Princeton University
COS 217: Introduction to Programming Systems

Assignment 3: A Symbol Table ADT


Purpose

The purpose of this assignment is to help you learn/review (1) C dynamic memory management, and (2) how to create abstract data types (ADTs) in C. It also will give you the opportunity to gain more experience with the GNU/Linux programming tools, especially Bash, Emacs, and GDB.


Background

A symbol table is an unordered collection of bindings. A binding consists of a key and a value. A key is a string that uniquely identifies its binding; a value is data that is somehow pertinent to its key. A symbol table allows its client to insert (put) new bindings, to retrieve (get) the values of bindings with specified keys, and to remove bindings with specified keys. Symbol tables are used often in programming systems; compilers, assemblers, and execution profilers use them extensively.

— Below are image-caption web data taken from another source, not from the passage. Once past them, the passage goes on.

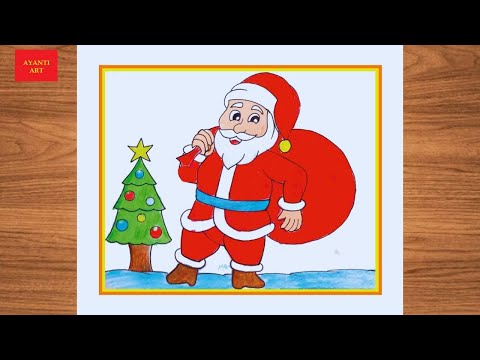 Santa Claus Drawing Very Easy ||  Merry Christmas Drawing Easy || Santa Claus Drawing ||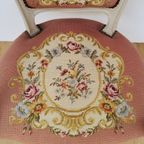 Brocante Vintage Gobelin Queen Ann Stoeltje, Fauteuiltje 03 thumbnail 20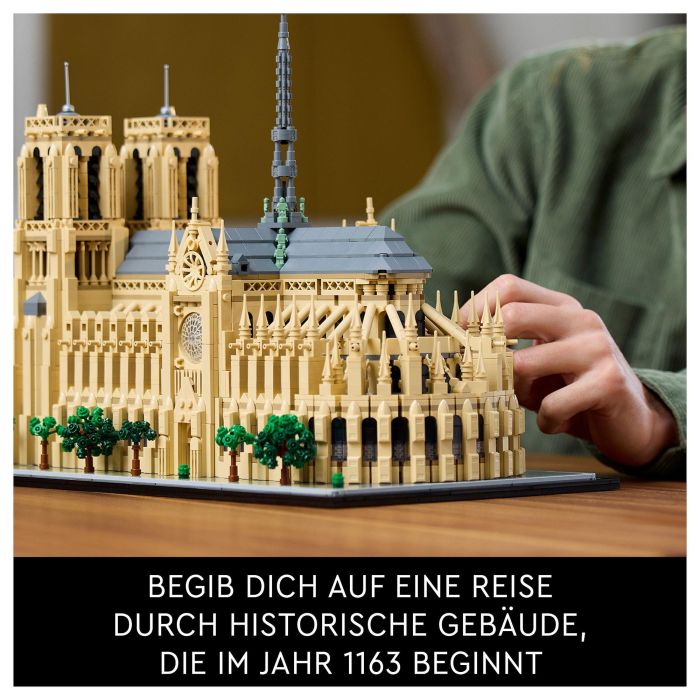 LEGO Architecture Notre-Dame de Paris 21061 Juego de Construcción para Adultos con 4383 Piezas 30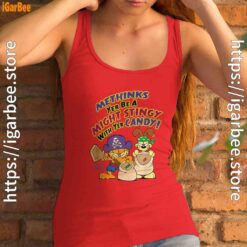 ripple junction garfield might stingy with yer candy women tank top red female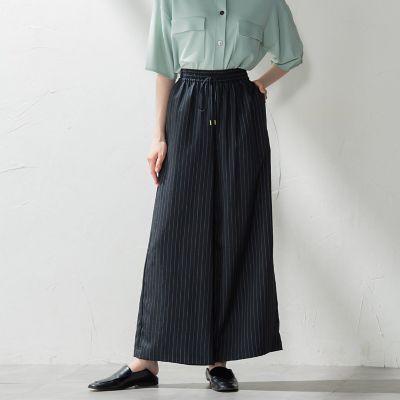 【SALE】la.f...（Women）/ラ エフ タンブラーブッチャーワイドパンツ&#8810;手洗い可能&#8811; 25ダークネイビー パンツ・ズボン【三越伊勢丹/公式】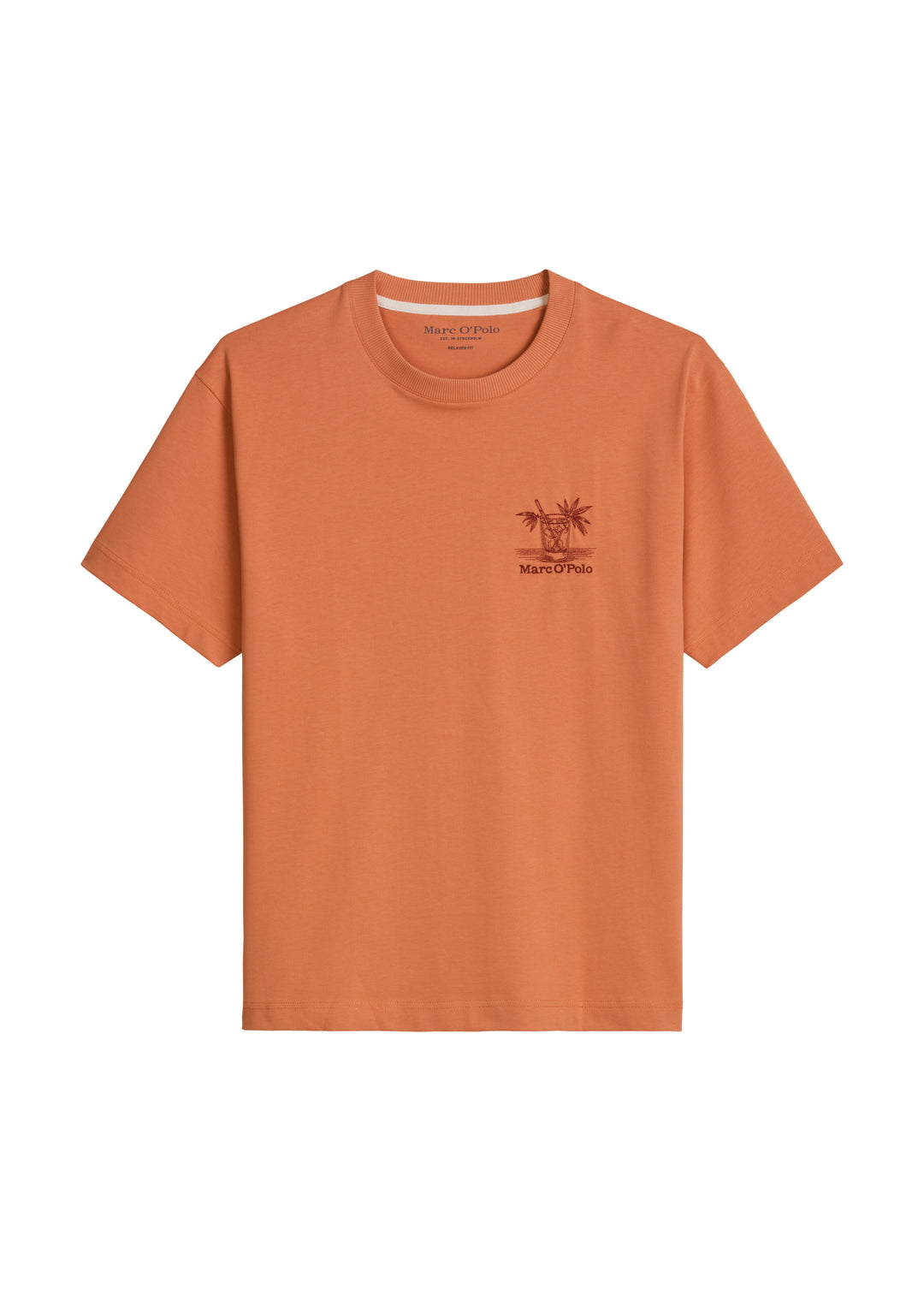 Jersey T-Shirts Shortsleeve, Faded Coral 1738 Bild 1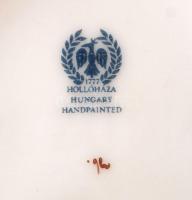 Hollóházi pikkely mintás kacsa, kézzel festett, jelzett, hibátlan, m:15 cm, h:18 cm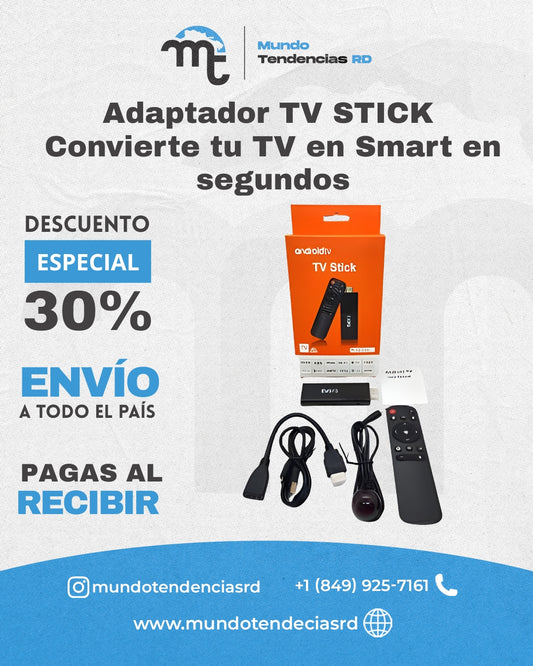 Adaptador TV STICK | Convierte tu TV en Smart en segundos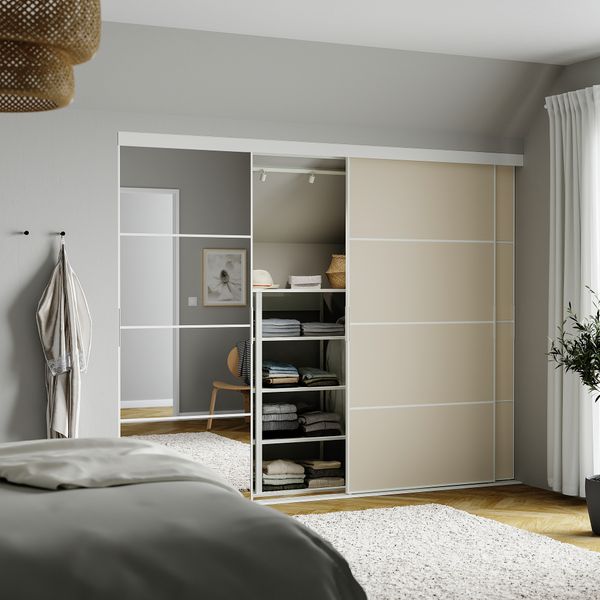 Дверь раздвижная, комбинация IKEA MEHAMN МЕХАМН, AULI АУЛИ, SKYTTA 794.995.86 - схема-чертеж с размерами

There are several reasonable ways to implement a symbol table. A simple implementation might store the bindings in a linked list. Linked lists are described in Section 2.7 of The Practice of Programming (Kernighan and Pike) and Section 17.5 of C Programming: A Modern Approach (King). A more efficient implementation might use a hash table. Hash tables are described in Section 2.9 of The Practice of Programming (Kernighan & Pike) and Chapter 14 of Algorithms in C, Parts 1-4 (Sedgewick).


Your Task

Your task in this assignment is to create an ADT named SymTable. Each SymTable object should be a symbol table. A SymTable object should be generic. That is, a SymTable object should contain values which are void pointers, and thus can point to data of any type.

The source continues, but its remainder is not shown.